• [Requirement]:
An exact copy of the listing is required, with its pictures removed.

• [Data section]:
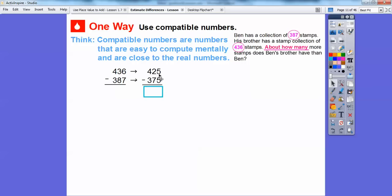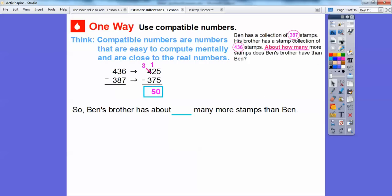436 is close to 450 also, but it's closer to 425. And 387 is close to 400, but it's also close to 375, and it's a little closer to 375. So we subtract 425 minus 375. I did 5 minus 5 is 0, then 2 minus 7 I couldn't do, so I borrowed from the 4, making it a 3, and the 2 became a 12. So 12 minus 7 gives us 50. Ben's brother has about 50 more stamps than Ben.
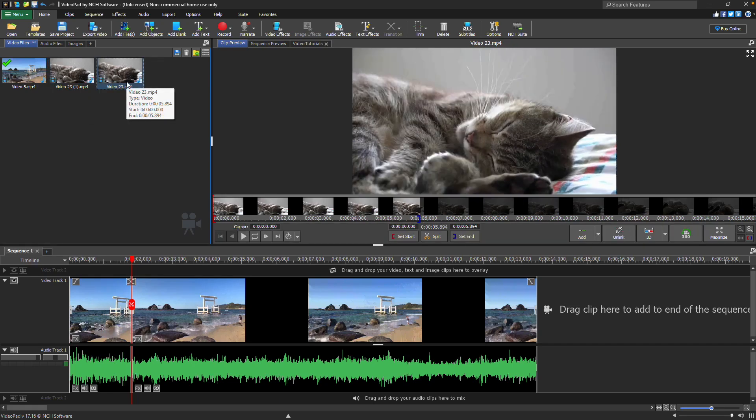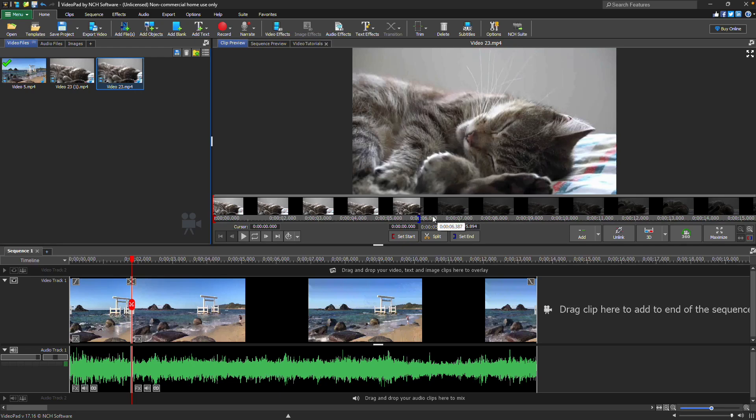Because VideoPad uses non-destructive editing, the full clip remains visible in the preview. The section that is no longer active will appear grayed out. The red and blue brackets on the clip preview timeline indicate the start and end points of the selected portion.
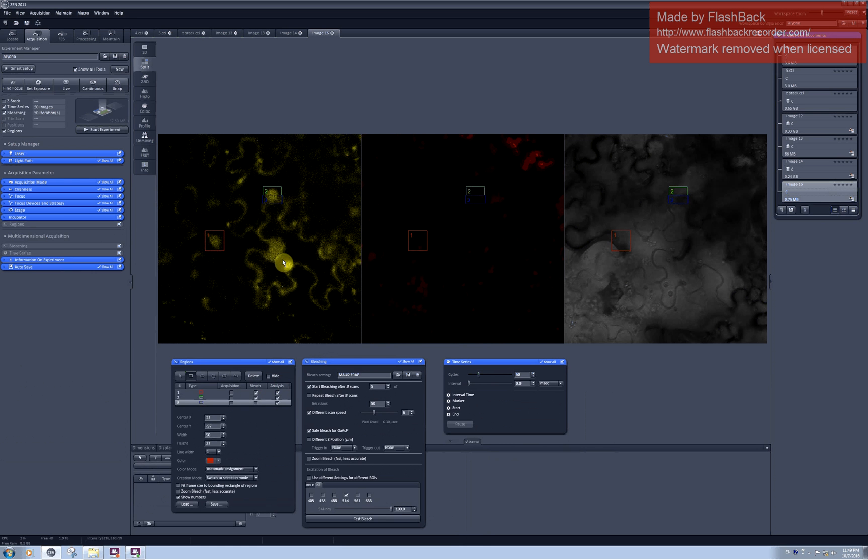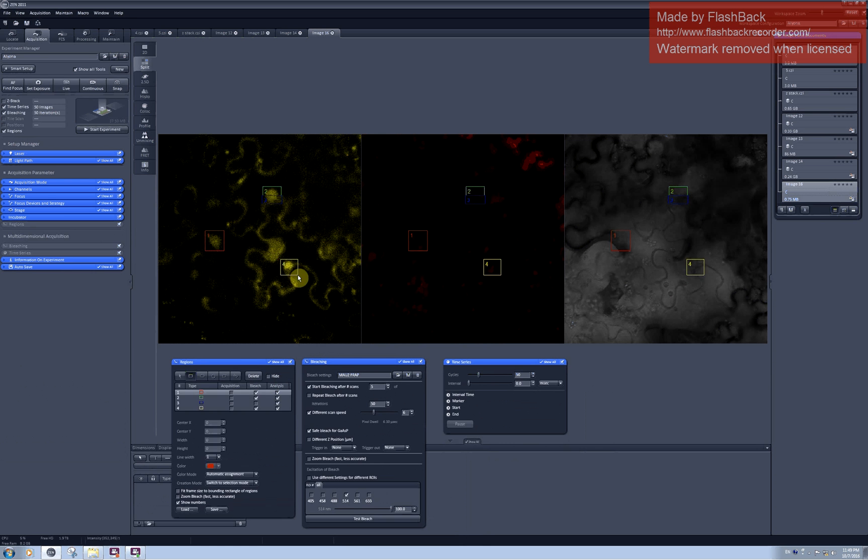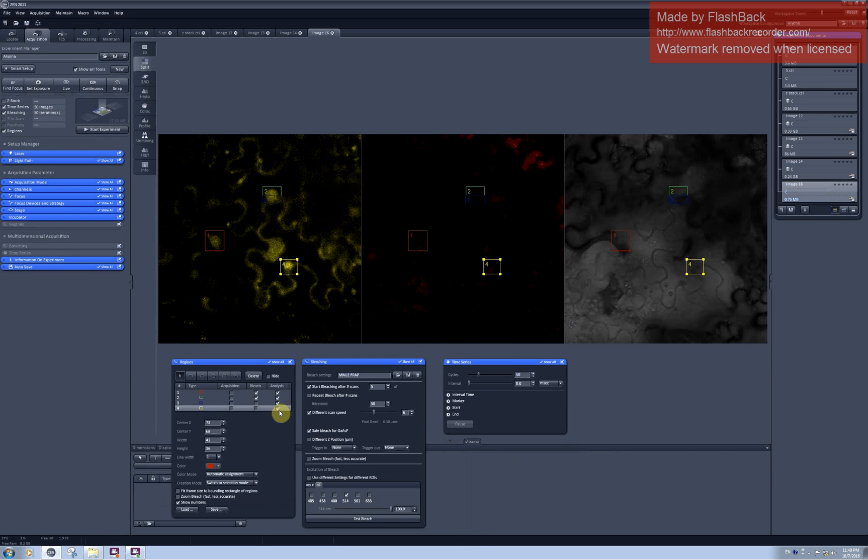For the third nucleus I would like to perform no photobleaching and just analyze it. This will be my control for photobleaching caused by scanning per se.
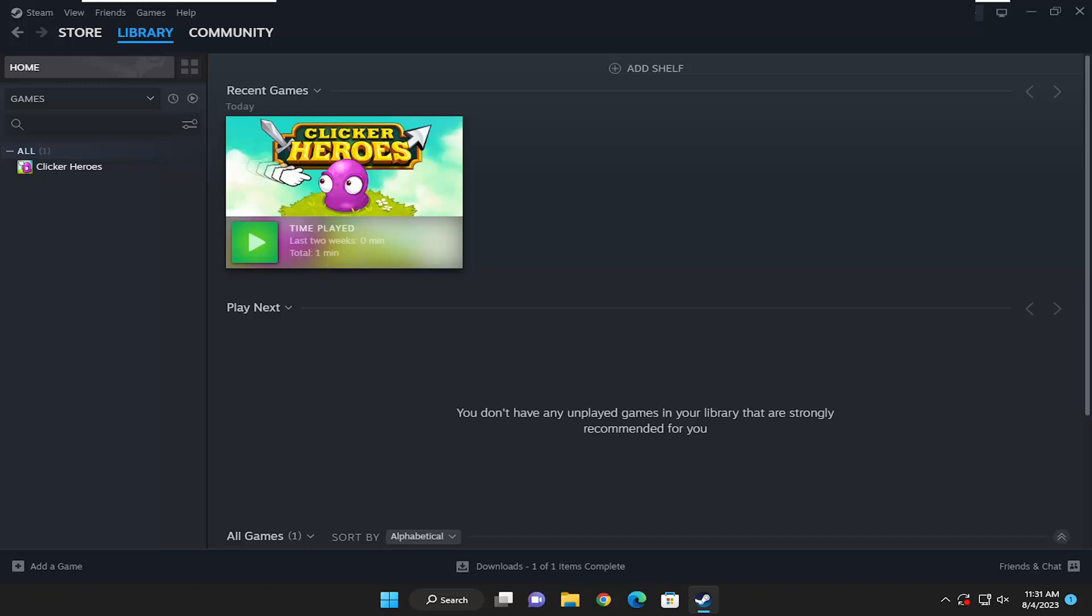In today's tutorial, I'm going to show you how to enable friends playing game notifications in your Steam application. So when a friend joins the game, if you want to enable both notification and/or sound notifications, I'm going to show you how to turn that on or off. Without further ado, let's jump right into it.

• [Answer box]:
436 is close to 450 also, but it's closer to 425. And 387 is close to 400, but it's also close to 375, and it's a little closer to 375. So we subtract 425 minus 375. I did 5 minus 5 is 0, then 2 minus 7 I couldn't do, so I borrowed from the 4, making it a 3, and the 2 became a 12. So 12 minus 7 gives us 50. Ben's brother has about 50 more stamps than Ben.
Because VideoPad uses non-destructive editing, the full clip remains visible in the preview. The section that is no longer active will appear grayed out. The red and blue brackets on the clip preview timeline indicate the start and end points of the selected portion.
For the third nucleus I would like to perform no photobleaching and just analyze it. This will be my control for photobleaching caused by scanning per se.
In today's tutorial, I'm going to show you how to enable friends playing game notifications in your Steam application. So when a friend joins the game, if you want to enable both notification and/or sound notifications, I'm going to show you how to turn that on or off. Without further ado, let's jump right into it.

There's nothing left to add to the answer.